The famous line at the end of the movie takes place on the gruesome battlefield where the Samurai have been but to ribbons by the savagery of a new Gatling Gun imported from the west and used by fledgling soldiers of modern Japan to eradicate the forces of tradition that impede the progress of the Japanese state that wants to move forward in step with the western world. Both Katsumoto and Cruise are gunned down as the perform one last mounted Samurai charge with swords held high. They have been felled together on the muddy field of battle and lie only feet apart. In his dying moment, the great Katsumoto notices a nearby cherry tree that is in seasonal bloom. He seems the wind rustle the branches and the cherry blossoms fall gently from the tree. It is then that he recognizes that the search for beauty in the perfection of a cherry blossom is a false prophet. He declares with certainty with his dying breath that they are all perfect, meaning that there is beauty in all of the cherry blossoms, one not more than any other. It is a great comment about diversity and an even greater comment about perspective. I read it to mean that we miss far too much of the beauty of life seeking perfection and that life itself is the essence of perfection. Diversity and acceptance is perhaps where we most often find perfection, not in the perfect shape or coloring of one single thing or being.

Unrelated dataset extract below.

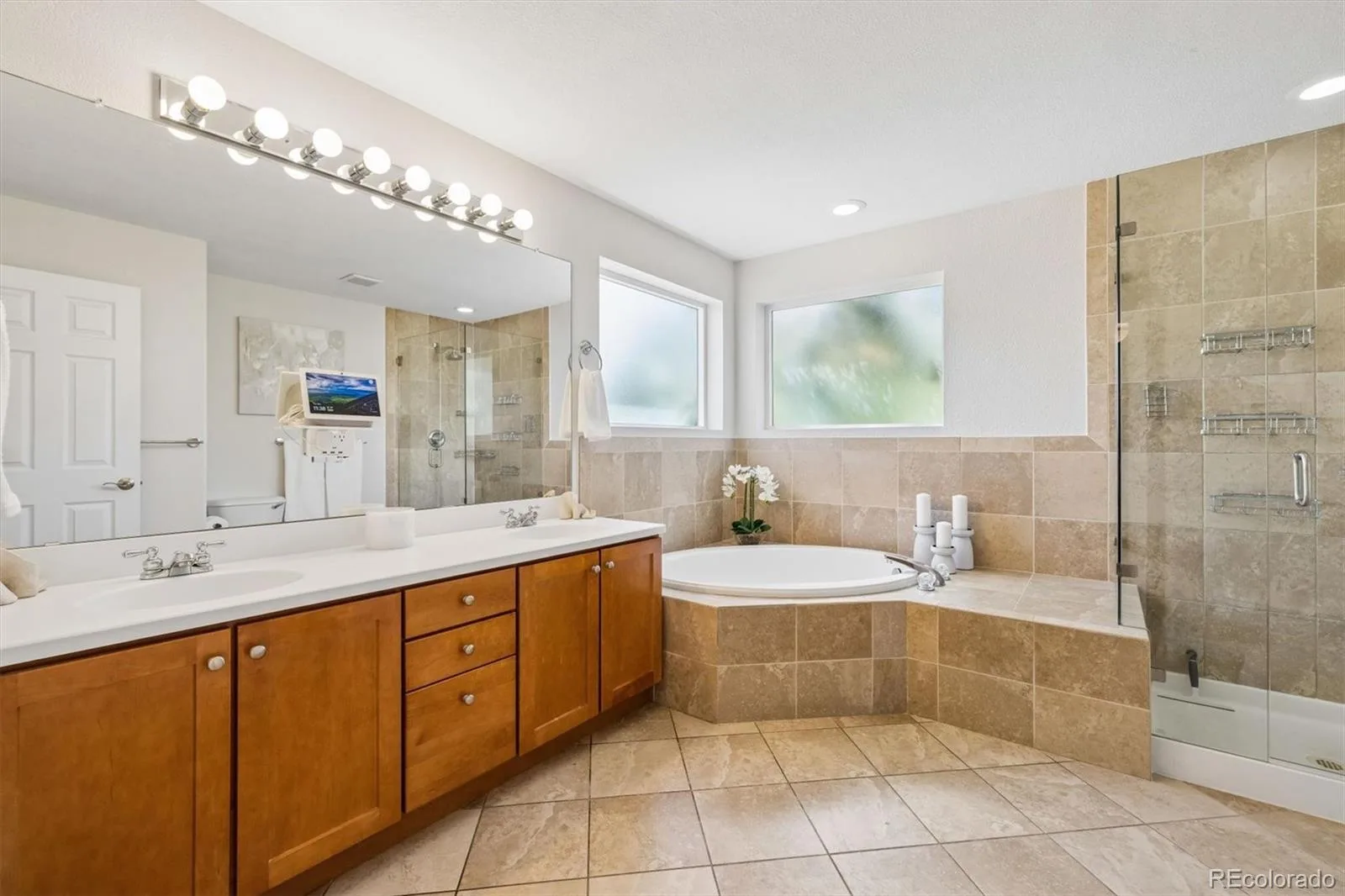 902 S Leyden Street Denver CO 80224 | MLS #REC9395306 10092026034558 1600 19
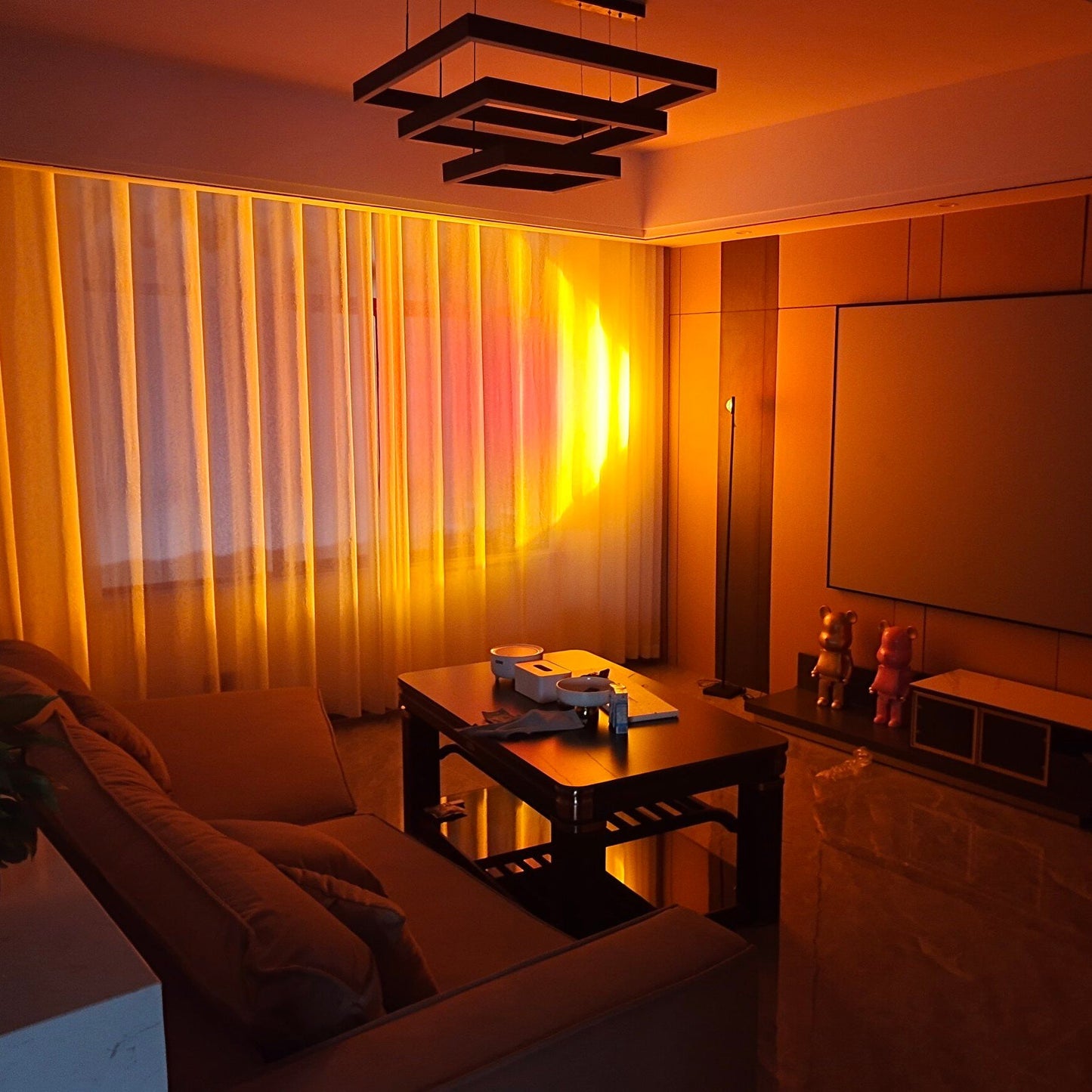 Frendorf | LED Color Projector Floor Lamp | Minimalist Halo Light Effect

I am back where I have not been for some time, sitting on my sofa on a Saturday morning. Betty is asleep on the floor (she seems to be having a Boo-Radley morning and is not really on her game). Kim is in the kitchen watching a Turner Classic Movie of her choosing, which is her preferred weekend activity while she is doing some minor task or other. I have taken my BMW R-Nine-T motorcycle down to the shop for a spring tune-up and have set up Handy Brad and Omar to task cleaning first the patio palapa shade and next the deck palapa shade. I can hear the power washer going strong and can almost feel the dirt and mold being cleansed from the fabric. It will be nice to have fresh, clean palapas to lounge under as the springtime sun gets stronger by the day. This spot on the sofa is my favorite spot in the house. I feel that I can command the world from this spot. To the east out the large floor-to-ceiling windows is a veritable jungle of diverse succulents that range from aloes to yuccas to palo verdes, aeoniums, agaves and lily rushes. The blue sky as a backdrop is pale and cloudless as the sun has already passed through it and sits higher in the sky at the moment.

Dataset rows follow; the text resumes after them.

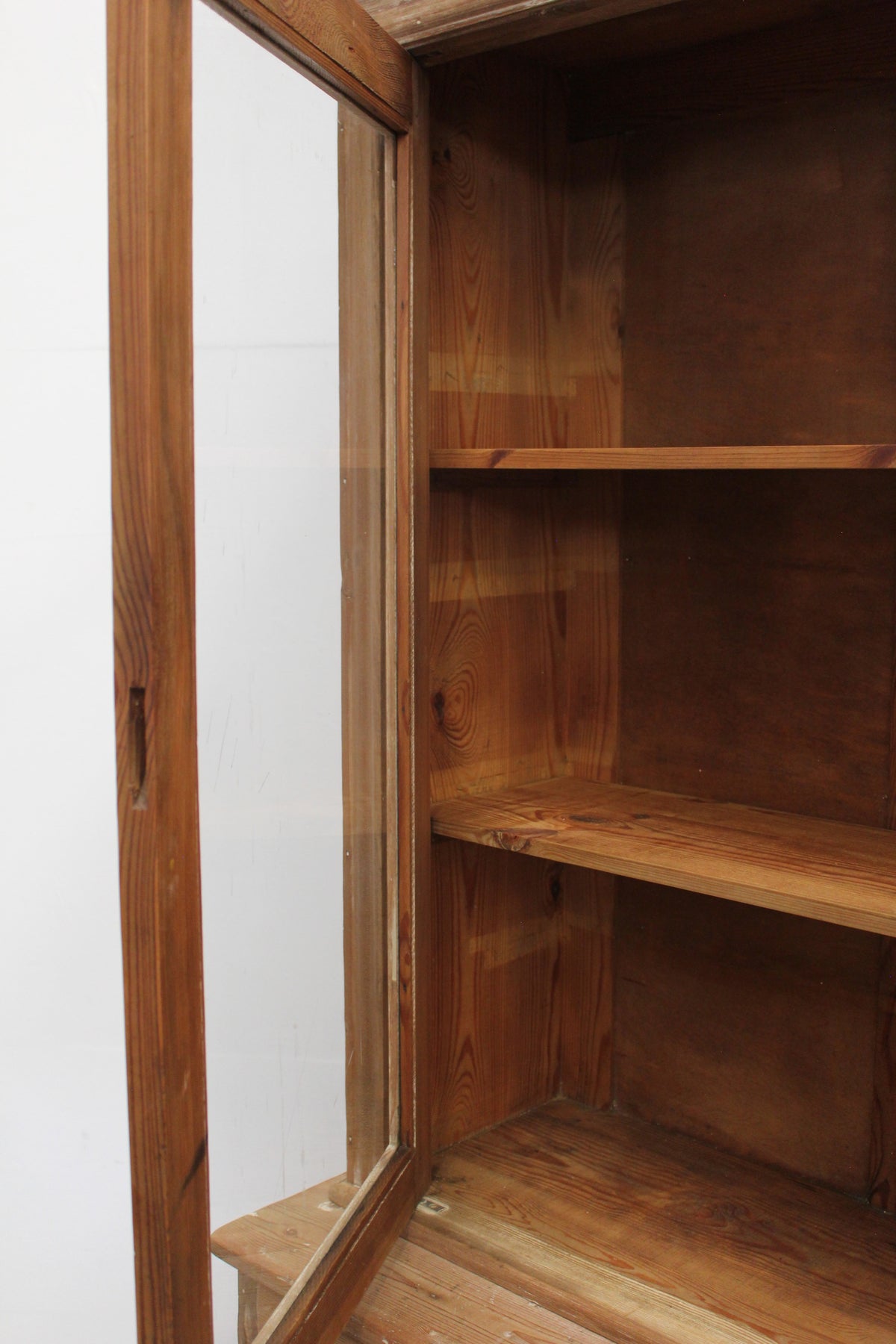 #1001 cabinet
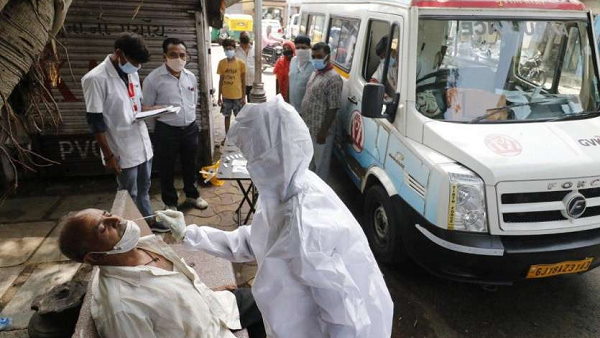 thousand People Found Without Masks at Ahmedabad city, 47 covid-19 positive in 958 thousand People Found Without Masks at Ahmedabad city, 47 covid-19 positive in 958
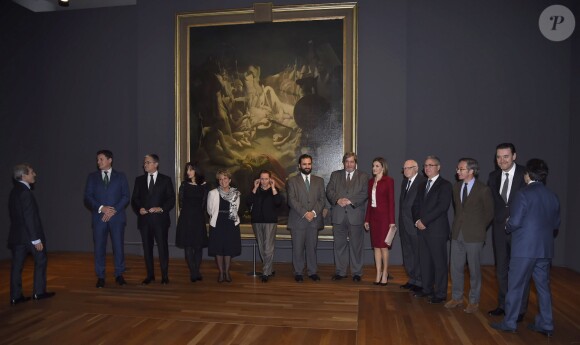 La reine Letizia d'Espagne, qui pose ici pour une photo de groupe devant Le Songe d'Ossian, inaugurait le 23 novembre 2015 l'exposition "Ingres" au musée du Prado à Madrid.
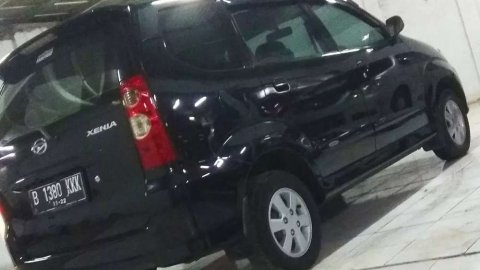 Jual Mobil Daihatsu Xenia Xi 2011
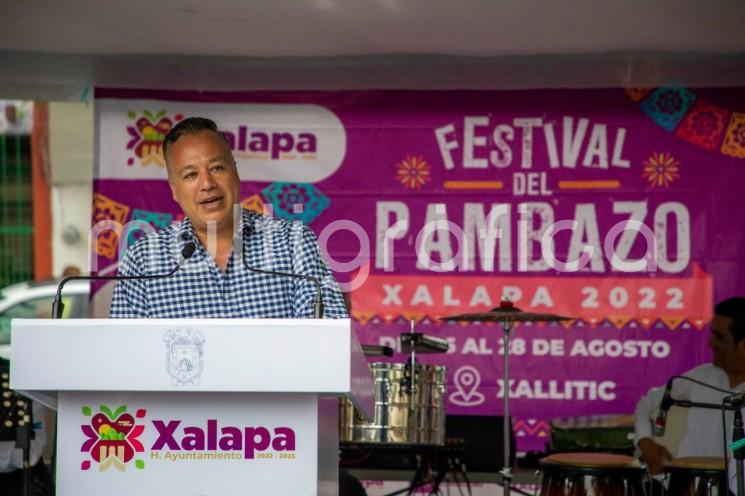  El Festival del Pambazo 2022 es un evento que posiciona a Xalapa en el nivel nacional, contribuye a la reactivación de emprendedores de la región capital y la identidad del municipio,  afirmó el regidor Diego David Florescano Pérez durante la inauguración del festival que se desarrollará en la plaza de Xallitic hasta el 28 de agosto.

To the west I look out the equally big floor-to-ceiling windows out to the deck that is still in shade as the sun inches its way on its path towards its final daily resting place out in the Pacific Ocean. The air is crisp and clear and the Dalmatian hillsides with their speckling of boulders and dark green grass roll in several layers between here and the water, ten or so miles away. The ocean itself is quite visible for about 40 more miles to the horizon and is a darker blue than the sky, but not as dark as it sometimes appears. To the northwest over my shoulder at the snow-capped San Gabriel and San Jacinto mountains that majestically remind me that we have had a month of atmospheric rivers dumping moisture up and down the state. Just to be clear, those mountains are 80 and 50 miles respectively distant as the crow flies and yet they can be seen with all of their creviced hillsides with deep white snow covering them from base to top. They rival the Pacific for grandeur from this location and are always a welcome sight in all seasons, but none more than this with the distinction and contrast of being snow-covered while we bask in the relative warmth of the midday sun.

I think I could sit here all day and revel in the perfection of this scene on all sides of me. I’ve gone for my morning walk. I’ve done some routine chores and set others in motion. The rain from all those atmospheric rivers is become Ong a distant memory by the moment and I feel somehow that I am back to perfection on this hilltop. I understand that perfection is an asymptote just like the horizon to the west, but that does not concern me. I know that perfection really lies in the diversity and wonder of life in its totality. But none of that stops me from rejoicing in the moment in my feeling of being back to perfection.